After Cash and his band, the Tennessee Two, became famous musicians, the country-boy-made-good narrative quickly recedes. Cash became addicted to amphetamines, which he originally took to deal with the rigors of touring, and started behaving erratically. Many of Cash’s missteps are well known: for example, his long-running affair with June Carter and his well-publicized 1964 arrest in El Paso for importing amphetamines from Mexico. (Interestingly, Hilburn reveals that the latter incident prompted a denunciation from a white supremacist group in Alabama that mistook Vivian as African American: “Money from the sale of [Cash’s] records goes to scum like Johnny Cash to keep them supplied with drugs and negro [sic] women.”) In contrast to popular accounts that attribute Cash’s bad behavior solely to drug addiction and suggest that it ended once he kicked the habit in the late 1960s, Hilburn shows that Cash’s destructiveness was more extensive and that he never fully controlled his drug addiction.

Cash was a terrible husband to Vivian. In 1960, Cash’s best friend, country musician Johnny Horton died. Cash wasted little time proposing to Horton’s wife, Billie Jean, who wisely declined because of Cash’s drug addiction and disregard for his family. Instead of demanding divorce from Vivian, Cash curtailed his time at home and carried on an open affair with June Carter. Vivian successfully sued Johnny in 1966 for divorce on the grounds of “extreme mental cruelty.”

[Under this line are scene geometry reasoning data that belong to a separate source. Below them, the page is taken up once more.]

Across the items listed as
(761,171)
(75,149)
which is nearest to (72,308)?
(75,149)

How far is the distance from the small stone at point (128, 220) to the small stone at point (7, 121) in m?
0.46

Perhaps Cash’s most appalling misdeed was the forest fire he set in Los Padres National Park while high and drunk. It decimated much of the area. Literally surrounded by a “burning ring of fire,” a helicopter rescued him. Later he blamed his companion, nephew Damon Fielder, for the fire, though in fact, Fielder helped save Cash’s life. Cash’s fire killed 49 of the 53 California condors in the region. “I don’t care about your damn yellow buzzards,” Cash declared to a judge. Cash was fortunate to live in an age where journalists and fans were more forgiving about celebrities’ faults. He was also lucky to survive his out-of-control behavior. The forest fire was only one of several incidents in which he nearly killed himself.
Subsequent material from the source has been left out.